Problem details: The entries that follow include a run beginning at the line with "Duppy White" and ending at the line with "markluvskitty online show"; restate that run word for word and leave the rest out.

Supplied records:
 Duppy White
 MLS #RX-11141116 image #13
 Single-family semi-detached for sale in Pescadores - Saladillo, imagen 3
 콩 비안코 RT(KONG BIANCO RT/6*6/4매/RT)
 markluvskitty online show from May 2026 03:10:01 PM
--
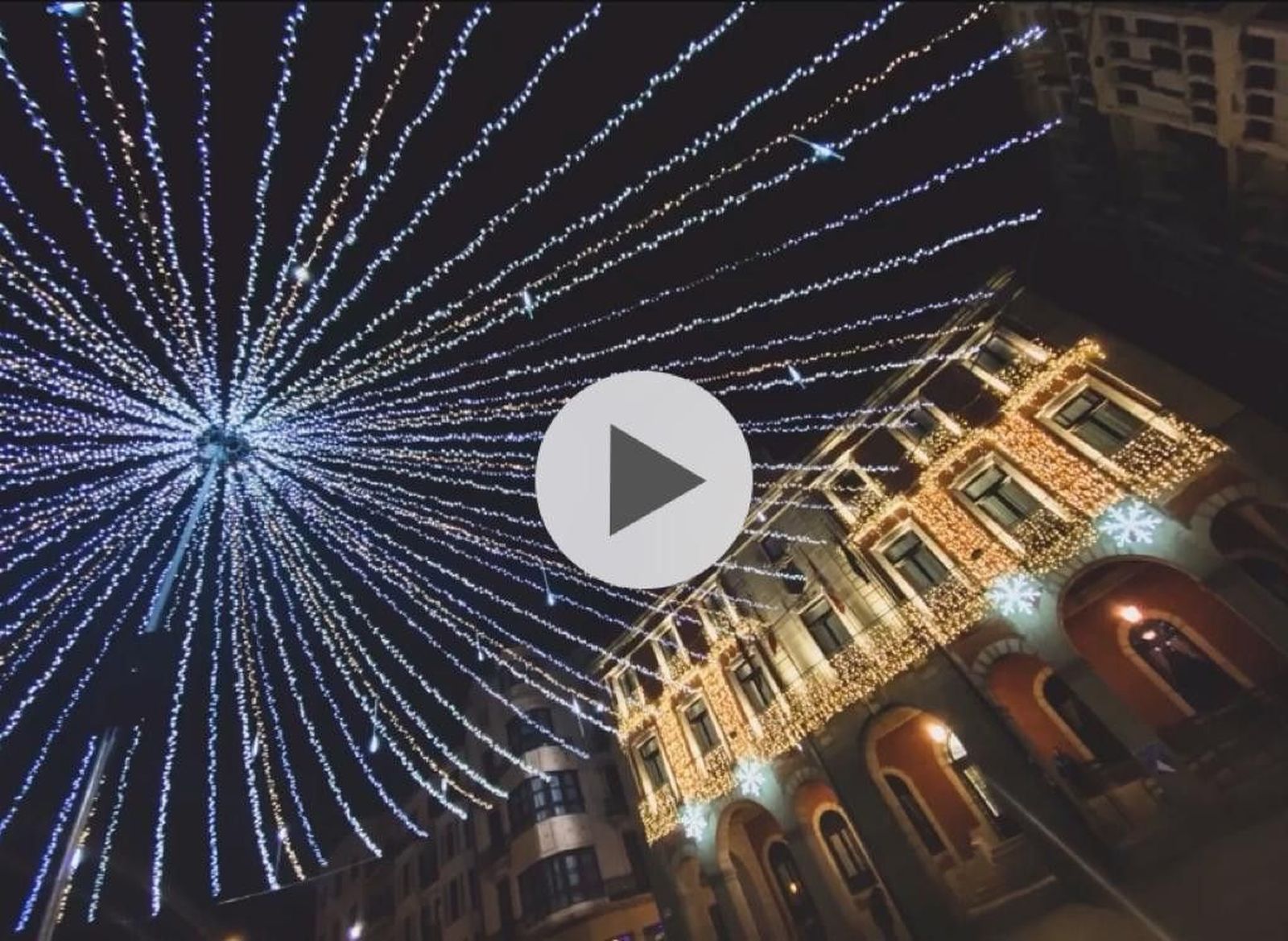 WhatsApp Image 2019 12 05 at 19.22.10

Completed task:
 Duppy White
 MLS #RX-11141116 image #13
 Single-family semi-detached for sale in Pescadores - Saladillo, imagen 3
 콩 비안코 RT(KONG BIANCO RT/6*6/4매/RT)
 markluvskitty online show from May 2026 03:10:01 PM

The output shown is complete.